Records for this task Start Marker
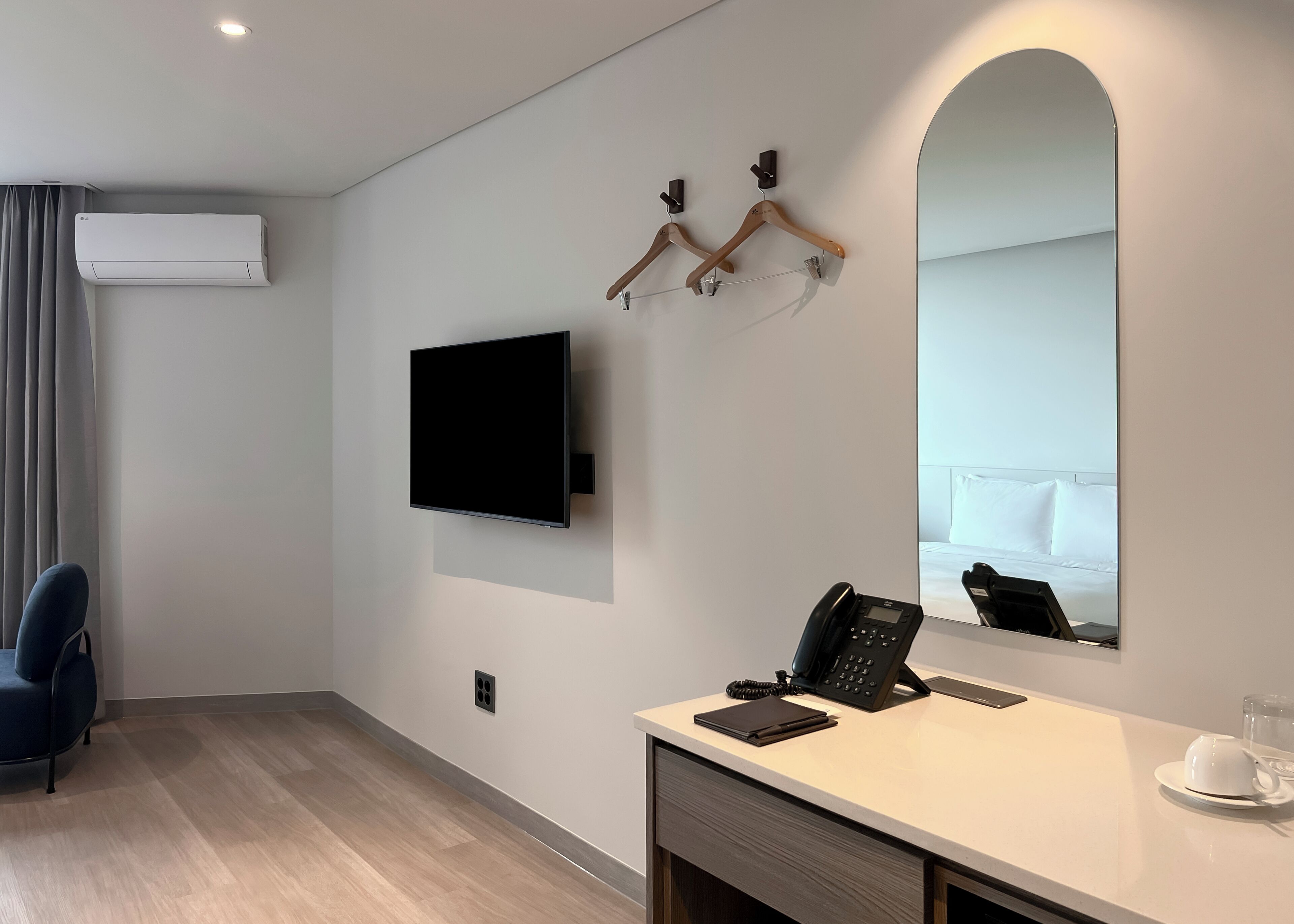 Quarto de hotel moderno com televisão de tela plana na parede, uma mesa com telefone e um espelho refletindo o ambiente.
Records for this task End Marker
Records for this task Start Marker
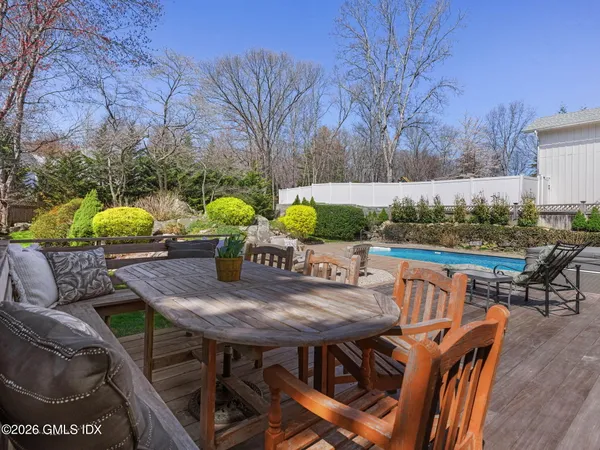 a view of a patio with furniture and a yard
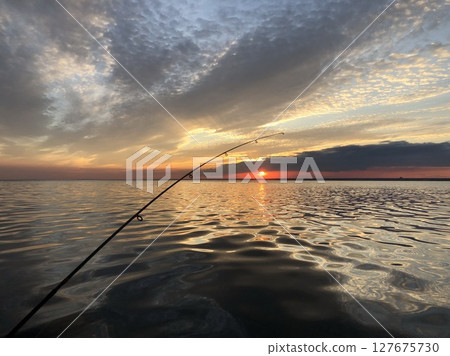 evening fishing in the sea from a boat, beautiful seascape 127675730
Records for this task End Marker
• [Assignment]: Within the listing above, extract exactly the lines that run from the one containing "a view of a patio with furniture and a yard" through the one containing "evening fishing in", excluding any pictures.

• [Task answer]:
 a view of a patio with furniture and a yard
 evening fishing in the sea from a boat, beautiful seascape 127675730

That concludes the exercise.